** Opening Data extracts block **
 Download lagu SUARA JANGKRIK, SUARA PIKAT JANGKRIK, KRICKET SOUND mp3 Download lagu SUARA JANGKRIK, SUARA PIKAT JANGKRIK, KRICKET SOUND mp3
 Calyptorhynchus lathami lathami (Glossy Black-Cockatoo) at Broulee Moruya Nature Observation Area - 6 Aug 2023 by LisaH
** Closing Data extracts block **
** Opening Data extracts block **
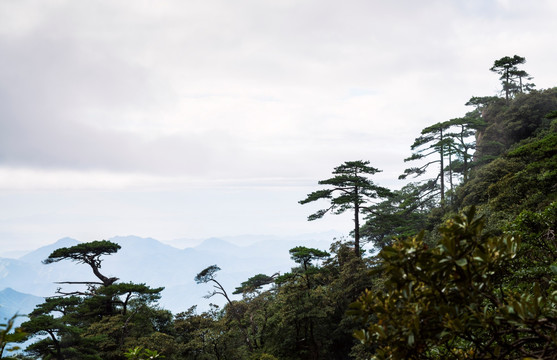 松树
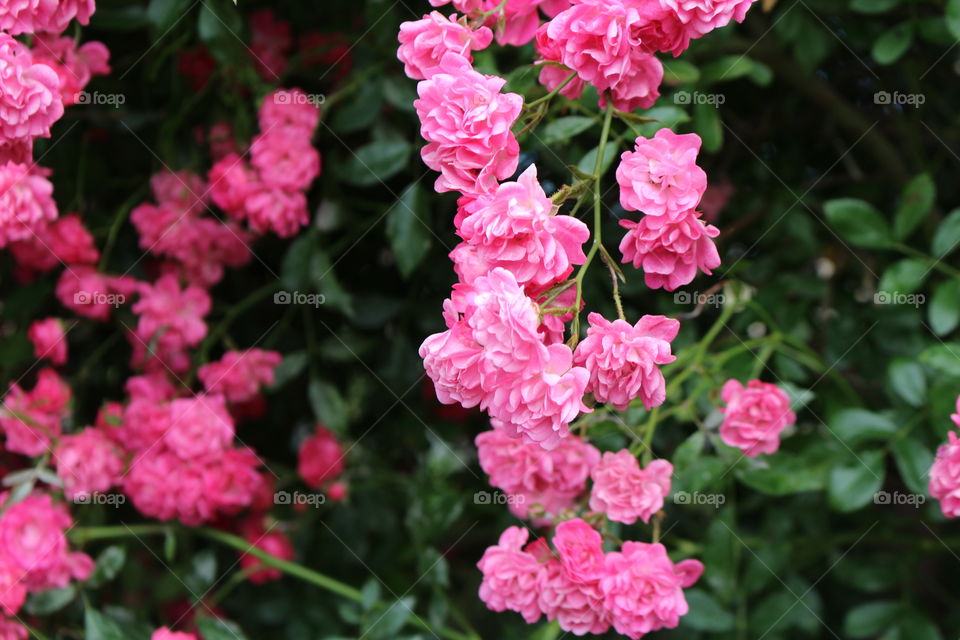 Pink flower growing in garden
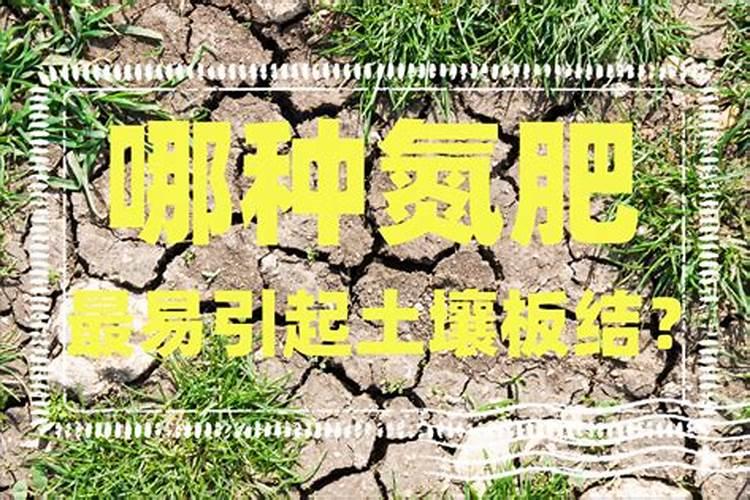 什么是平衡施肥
** Closing Data extracts block **
** Opening Data extracts block **
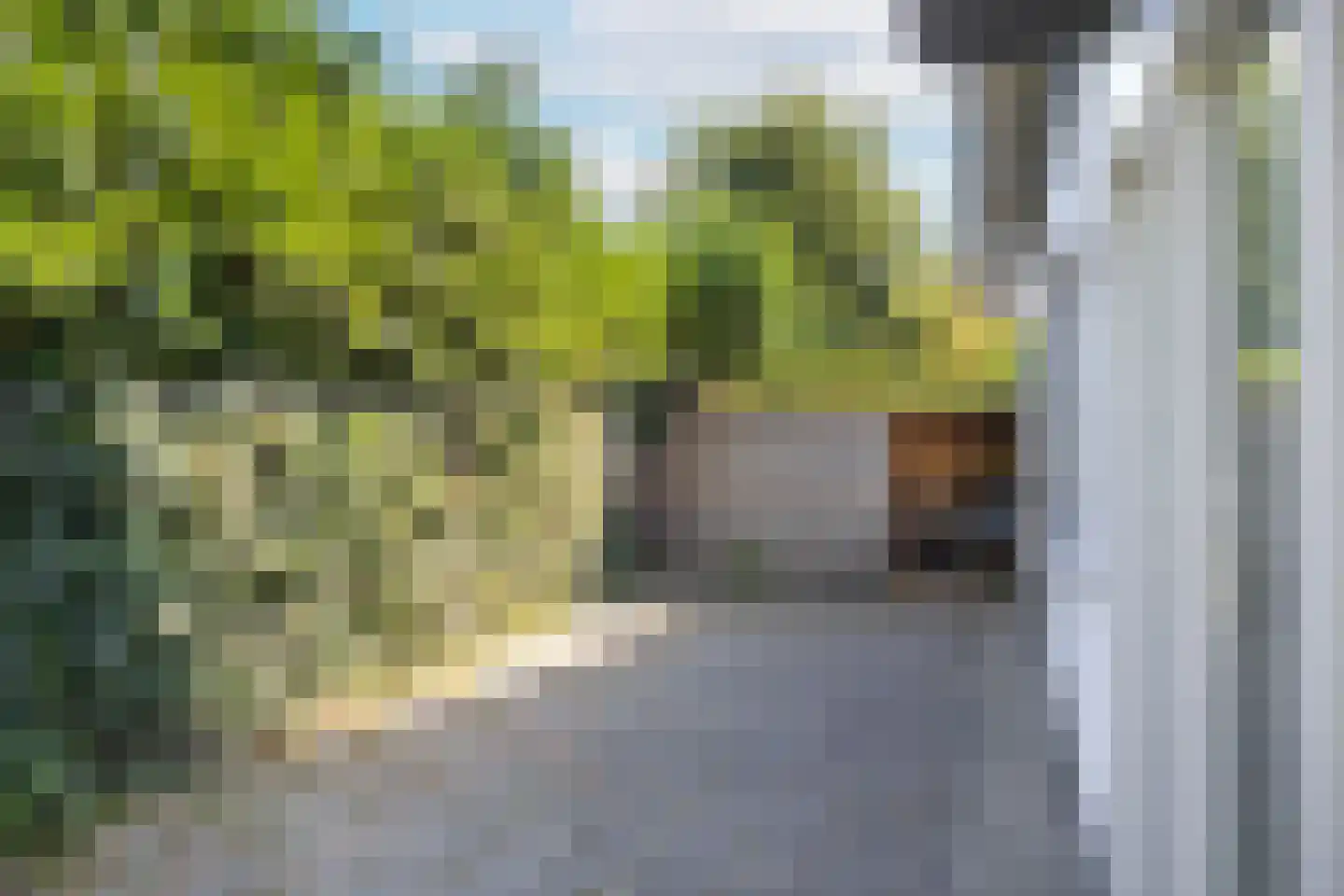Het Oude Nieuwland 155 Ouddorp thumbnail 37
** Closing Data extracts block **
• _Task to carry out_: Using the entries above, repeat only the lines from the one containing "SOUND mp3 Download" through the one containing "Calyptorhynchus lathami lathami", end lines included.

• _Task output_:
 Download lagu SUARA JANGKRIK, SUARA PIKAT JANGKRIK, KRICKET SOUND mp3 Download lagu SUARA JANGKRIK, SUARA PIKAT JANGKRIK, KRICKET SOUND mp3
 Calyptorhynchus lathami lathami (Glossy Black-Cockatoo) at Broulee Moruya Nature Observation Area - 6 Aug 2023 by LisaH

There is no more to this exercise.